Тем временем я закончил повесть «Кража», и началось ее плавание по журналам. Александр Николаевич, доругивавший «Знамя», но до конца дней оставшийся его верным сотрудником и патриотом, подбил меня дать повесть для прочтения в «Знамя», и хотя я чувствовал, что повесть не их «профиля» и что сам же Александр Николаевич испереживается, когда повесть отвергнут, все же рукопись в этот журнал дал, а так как там была, да, кажется, и сохранилась привычка читать рукописи «снизу доверху», то есть почти от уборщицы начиная и главредом кончая, то вот и читали мою повесть долго, и любезно вернули, и я оказался с нею в «Новом мире», где «Кражу» чуть было не опубликовали. Да ведь судьба рукописи та же самая, что и человеческая судьба, — извилиста, прихотлива, часто зависит от «привходящих» обстоятельств. Словом, всё же дело с «Кражей» завершилось благополучно, и «мое сердце успокоилось» журналом «Сибирские огни».
И те же журналы, которые «мурыжили и тянули резину», дружно откликнулись на опубликованную повесть хвалебными статьями, как бы извиняясь перед автором за свою нерешительность и редакционную рутину.

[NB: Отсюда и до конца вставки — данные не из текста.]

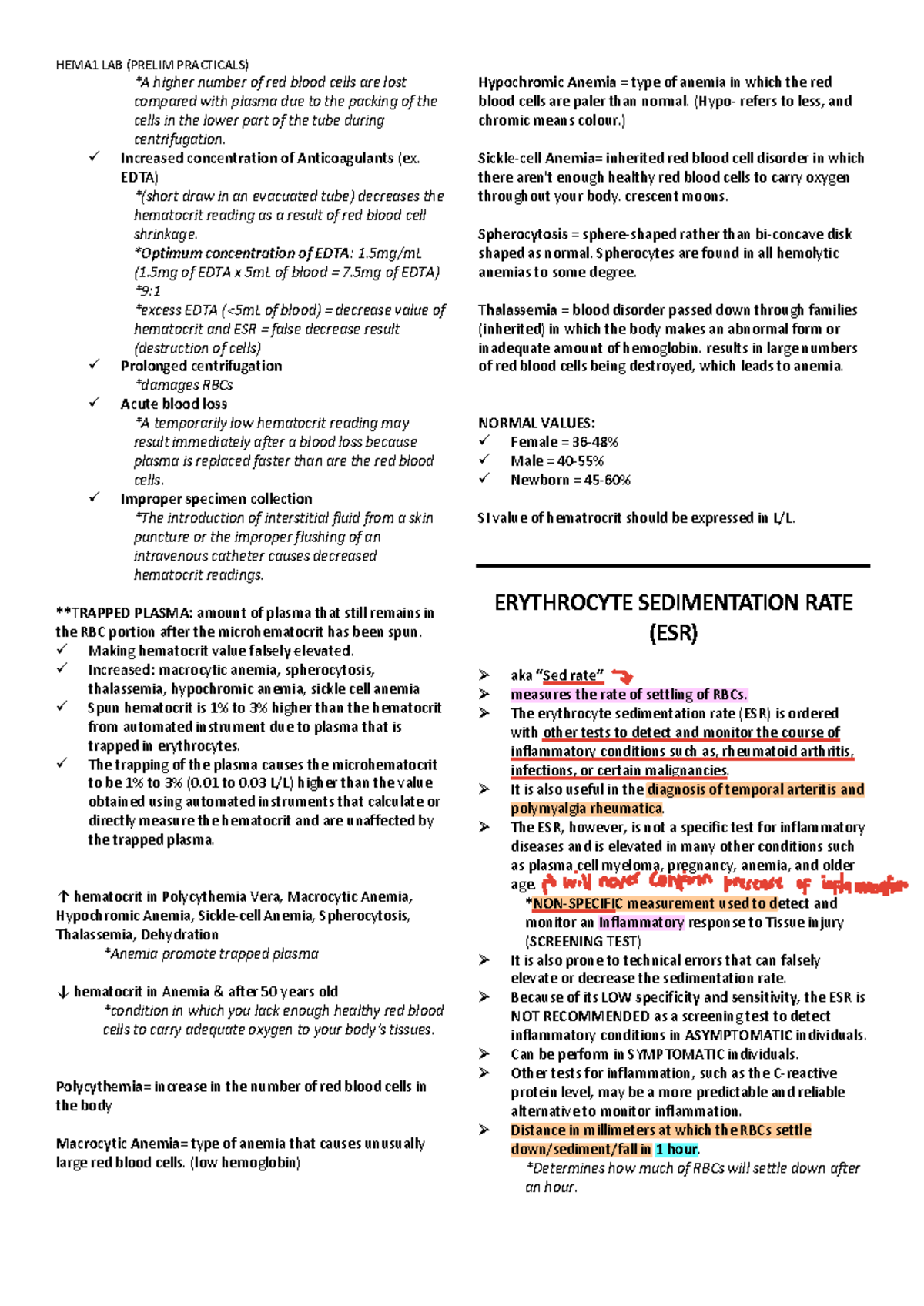 ESR - Lectures notes regarding ESR test in the laboratory. - *A higher ...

Однако Александр Николаевич на «Краже» не успокоился и, зная, что я впервые был напечатан в толстом столичном журнале, не в каком-нибудь, а в «Знамени», напирал на мои патриотические и благодарные чувства, просил новые рассказы, которые я в ту пору писал охотно. И такое ли переживание было ему оттого, что рассказы мне из «Знамени» возвращали. Я уж утешал его, говоря, что легких путей в литературе не бывает, что автор и не должен их, легкие-то, искать, просил не хлопотать за меня, так как печатали тогда мои вещи уже довольно широко, хотя и не без некоторой опаски и вмешательства в текст.